§ **THE TASK**:
Set down each line of the data below exactly as it stands, dropping the pictures.

§ **TASK INPUTS**:
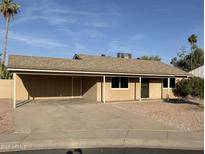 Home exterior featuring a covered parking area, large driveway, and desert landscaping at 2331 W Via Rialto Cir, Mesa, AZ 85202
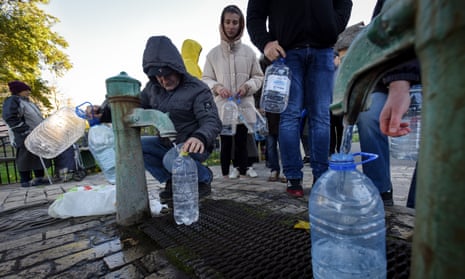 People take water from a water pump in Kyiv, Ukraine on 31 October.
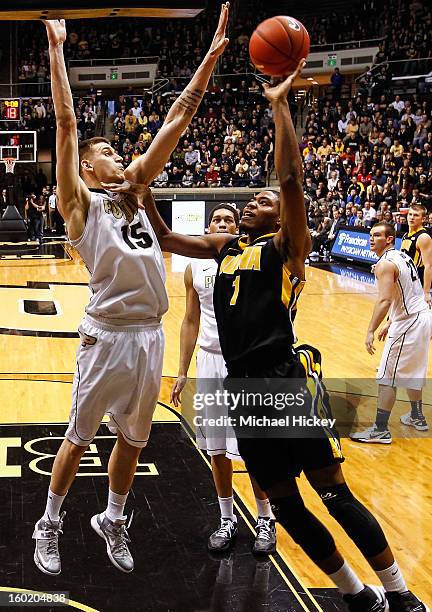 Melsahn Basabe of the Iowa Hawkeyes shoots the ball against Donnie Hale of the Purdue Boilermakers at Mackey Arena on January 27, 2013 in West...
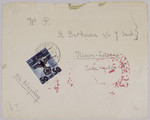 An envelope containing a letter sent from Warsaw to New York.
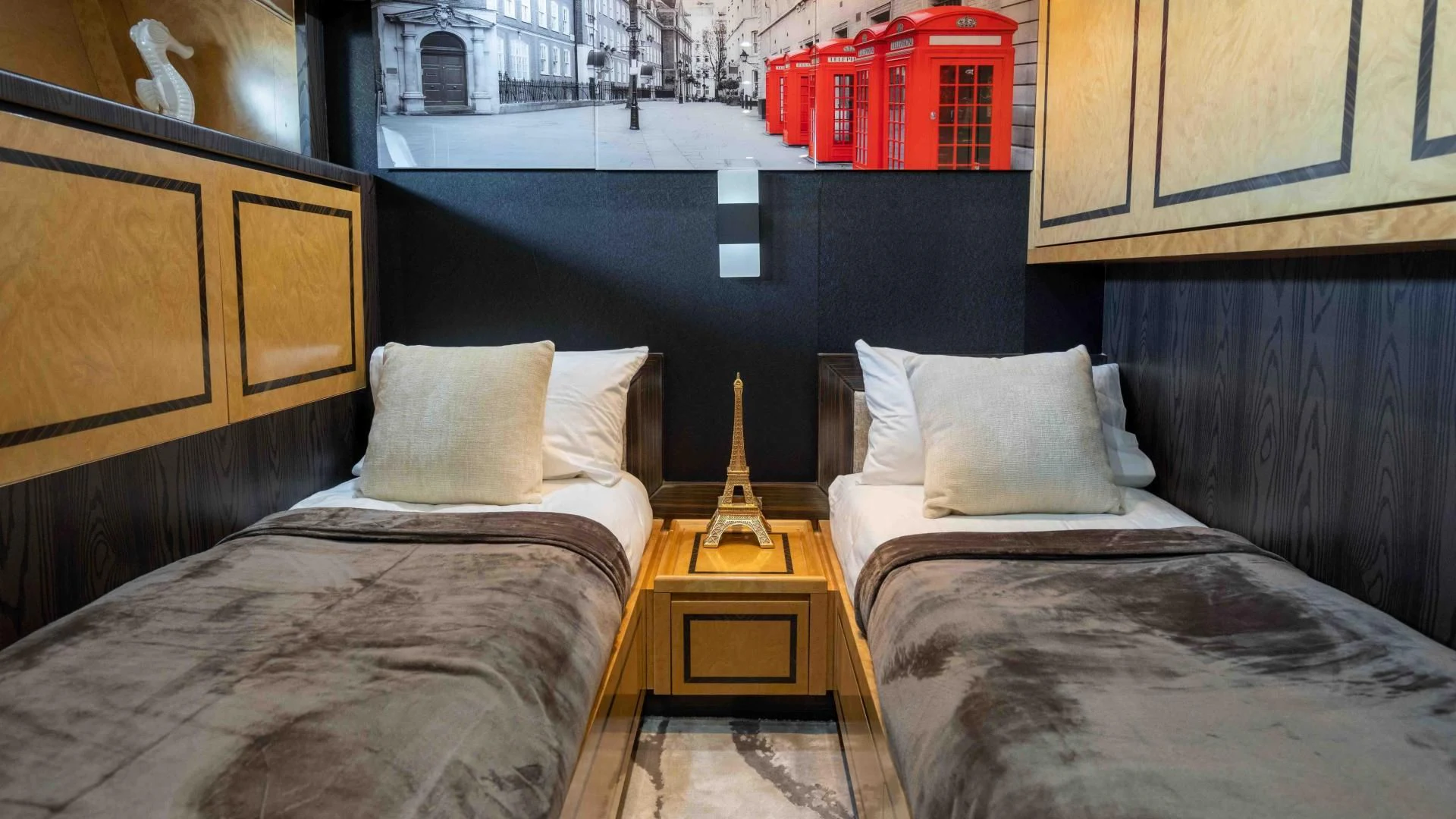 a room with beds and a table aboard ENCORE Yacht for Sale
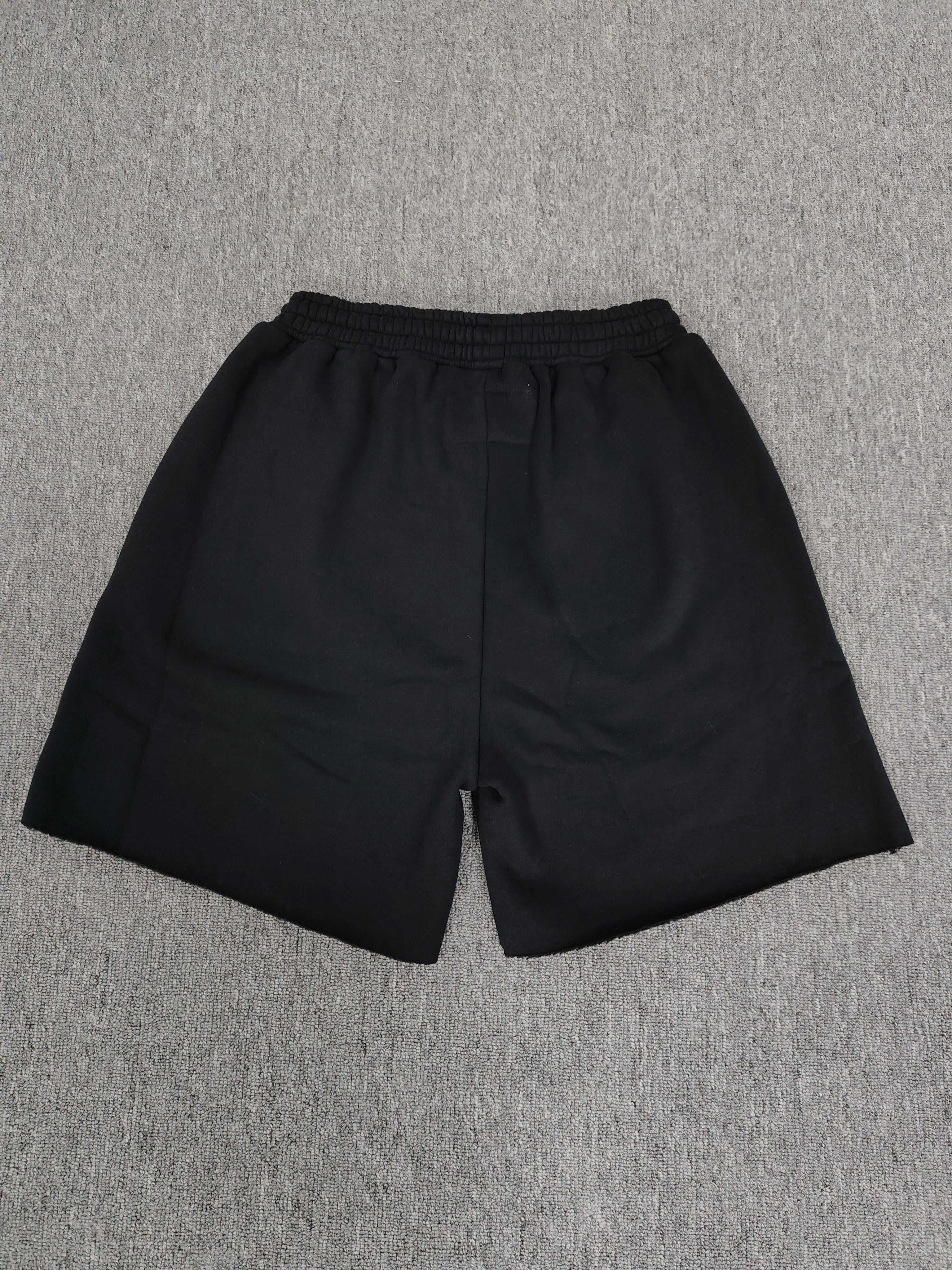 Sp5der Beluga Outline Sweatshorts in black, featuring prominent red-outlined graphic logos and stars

§ **ANSWER FOR THE TASK**:
 Home exterior featuring a covered parking area, large driveway, and desert landscaping at 2331 W Via Rialto Cir, Mesa, AZ 85202
 People take water from a water pump in Kyiv, Ukraine on 31 October.
 Melsahn Basabe of the Iowa Hawkeyes shoots the ball against Donnie Hale of the Purdue Boilermakers at Mackey Arena on January 27, 2013 in West...
 An envelope containing a letter sent from Warsaw to New York.
 a room with beds and a table aboard ENCORE Yacht for Sale
 Sp5der Beluga Outline Sweatshorts in black, featuring prominent red-outlined graphic logos and stars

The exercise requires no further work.